“So you gonna tell me now, that the King isn’t the King anymore, that the country has… nine kings?.”
“Naoi Ree.” The stoic expression on Sergeant Meiriceá Fausner was unhalting, it was unwavering in the slightest way as she said those words, spoke Gaelige as she had so long begged to speak without flaw or halting shouts. The language of her mother and her mother’s parents before that, the language of her forefather’s and of the blood she felt flowed best through her veins.
As the Sargent’s verdant eyes gave a winter-cold glance to the t-shirt wearing young man in front of her, as he lay crumpled on the ground. He had been carrying a rifle, apparently staying in his home for the past few months, living off stockpiles. His own eyes hit her with all the fury of heated steel through hay.
Those eyes of the young man brushed against the red haired young warrior, over her every shape, noticing the olive fatigues she wore and the polished black boots, noticing more over a symbol which was way way too reminiscent of another flag than his own nation’s, it bore the harp of Ireland’s old high Kings, but the harp was clearly a deep, martian mud like orange. The harp over a deep navy which covered each canton, and which bore six red stars around the harp.
It wasn’t the pennants flown by any Warreic army he knew of, and that meant this woman was an invader, even if she had just dropped him to the ground in a series of three movements, he couldn’t just give up. He was born Warreic and he wouldn’t let his nation be stomped upon by the boot of an invading army without a fight. Hell, with the way that Connor Daghill was raised, the army this woman represented would be lucky if they didn’t start to have mortars shot at them.

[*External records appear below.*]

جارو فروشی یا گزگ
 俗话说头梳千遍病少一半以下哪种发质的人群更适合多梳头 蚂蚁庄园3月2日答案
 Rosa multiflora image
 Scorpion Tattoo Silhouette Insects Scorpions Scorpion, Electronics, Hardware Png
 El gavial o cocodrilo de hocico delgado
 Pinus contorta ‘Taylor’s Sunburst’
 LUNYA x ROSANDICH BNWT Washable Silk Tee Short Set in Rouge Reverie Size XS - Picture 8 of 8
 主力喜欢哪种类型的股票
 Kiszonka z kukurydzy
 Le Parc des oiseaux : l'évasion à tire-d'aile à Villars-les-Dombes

“Pogue Mahone!” he roared, and threw himself from the ground to charge at the woman -whom sidestepped and moved to bring down her elbow-, but that wasn’t all he did, throwing himself to the ground in a swinging motion and hitting the Sergant with the sidewards motion of his body as his hands gripped the grass below him for dear life.
And so a pride more over pride and misunderstanding than patriotism and hate had begun, and so it continued on with a rolling pair, a soldier and a vigilante, both a bit right, both a bit wrong, and both throwing elbows, knees, headbutts, and punches as they tried to pin the other and interrogate them.